In this way, the slaves (obviously the Jews and their Christian descendants) fashioned a life-denying "ascetic ideal" to replace the life-affirming valuation of the strong. Along with it comes the notion of a new kind of deity--a God above all other gods, to whom each of us owes a debt--an "original sin"--so great that we are powerless to discharge it on our own, without His gratuitous gift of redeeming grace. Unlike the gods of the strong, who behaved like outsized brutes and whose cruelty served as an attainable ideal for the strong to emulate, the God of the slaves is so transcendently good that all attempts to approximate His holiness inevitably fall short. Far from serving as a healthy ideal, then, the ascetic God ends up negating the world and everything in it, including human beings, by His very existence.
The ascetic ideal that gives birth to God is thus much more complicated than the valuation that preceded it. Whereas the noble valuation grew out of and enhanced the self-affirmation of the strong, the slaves adhere to an ideal that denigrates pride and therefore seeks to diminish and humiliate the self. And yet it, like all valuations, arises from out of the self and its will to power. As Nietzsche writes in Human, All Too Human, "Man takes positive pleasure in violating himself with excessive demands and afterwards idolizing this tyrannically demanding something in his soul. In every ascetic morality, man worships one part of himself as a god and in doing so demonizes the other part." In the Genealogy, Nietzsche describes this violent "self-splitting" as an example of how "life" can turn "against life," and, in turn, actually enhance life in new and interesting ways. In seeking to attain the impossible--to become "worthy" of a God whose goodness transcends the world--the ascetic slave directs his own will against itself, and thus creates a wholly new form of cultural life founded on guilt and bad conscience. It is a culture of psychological depravity, as individuals, tutored by a new ruling class of priests, come to despise themselves, and never so much as when they begin to experience the least bit of happiness or success.

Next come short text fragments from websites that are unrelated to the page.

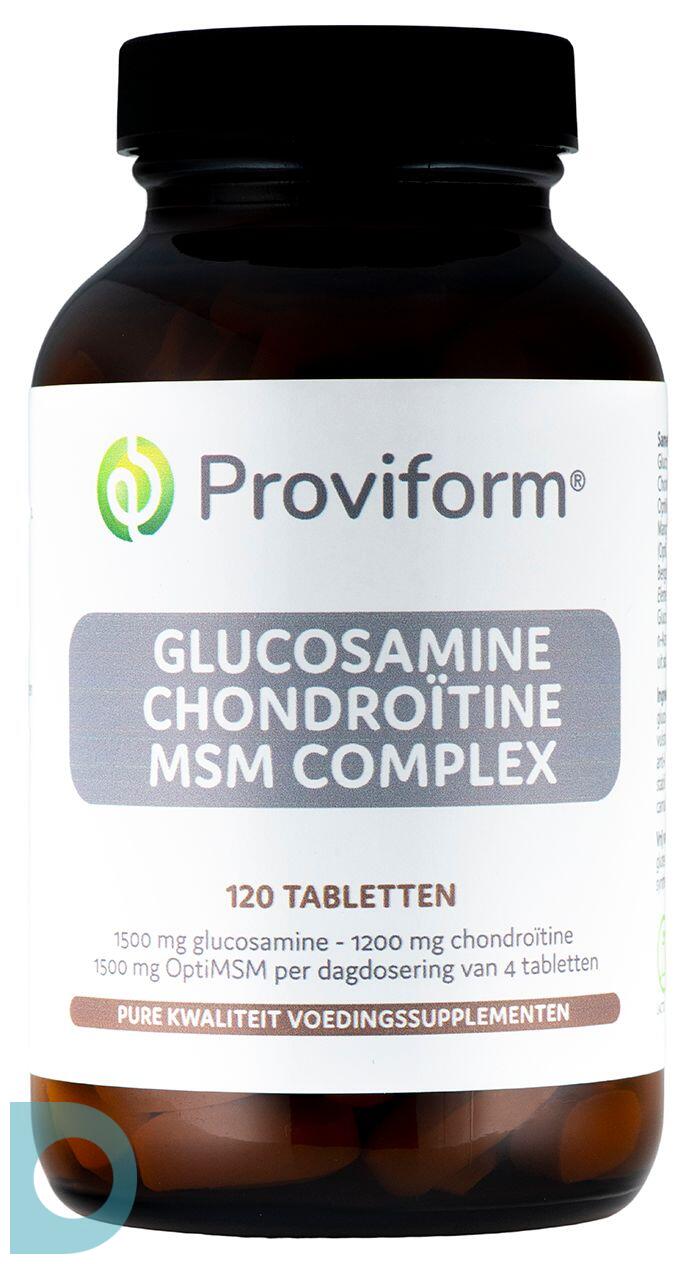 Ondoorzichtig veer reservoir Proviform Glucosamine Chondroitine MSM Complex Tabletten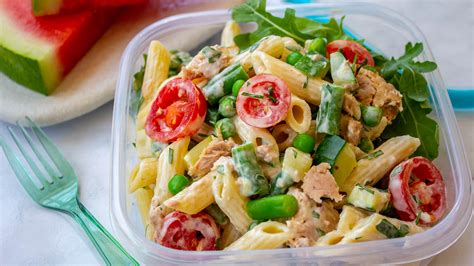 Tuna lunchbox pasta salad - Seafood Experts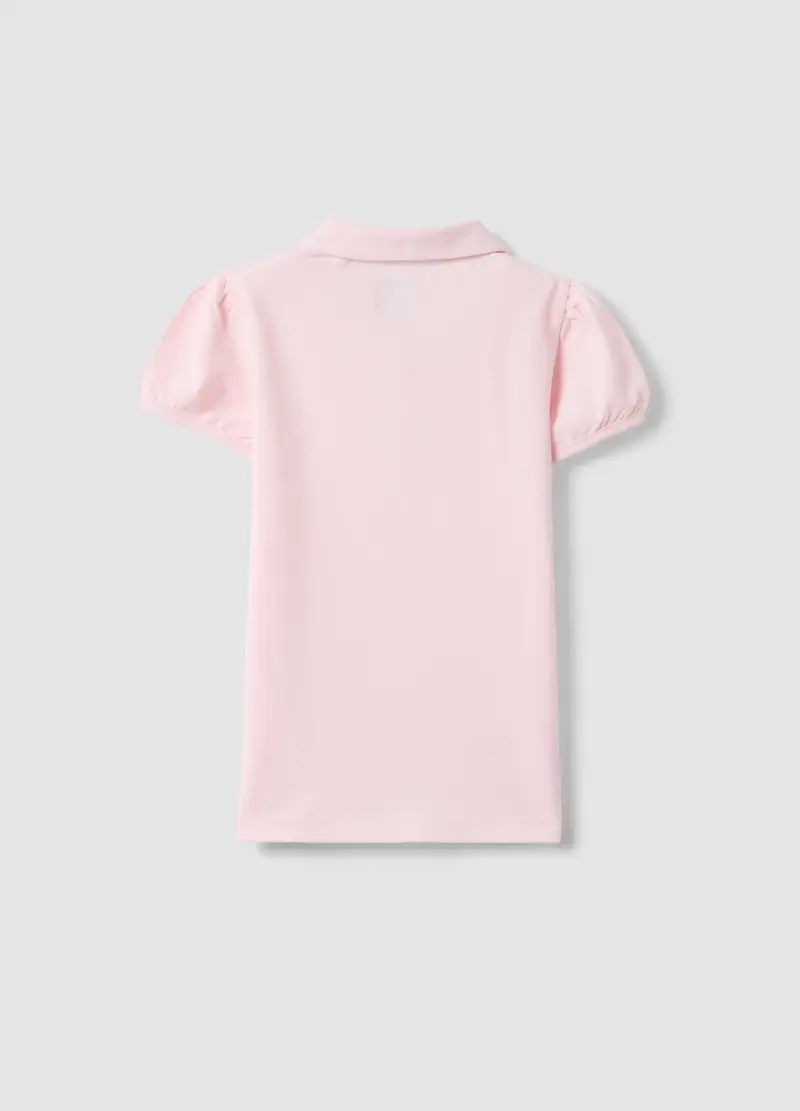 Polo In Puro Cotone Rosa Da Bambina Regular Fit, Rosa miniatura 2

Nietzsche's account of how the ascetic ideal gives birth to God is ingenious. But no less so is his narrative of how it leads to God's death, as well as its own self-destruction. Nietzsche's narrative derives much of its shock effect from the fact that it so profoundly contradicts the dominant story of the rise of modern science, in Nietzsche's time as well as ours. While modern intellectuals typically argue that science arose in opposition to the Church, Nietzsche considers science to represent the "perfection" of the same ascetic ideal that originally gave birth to Christianity.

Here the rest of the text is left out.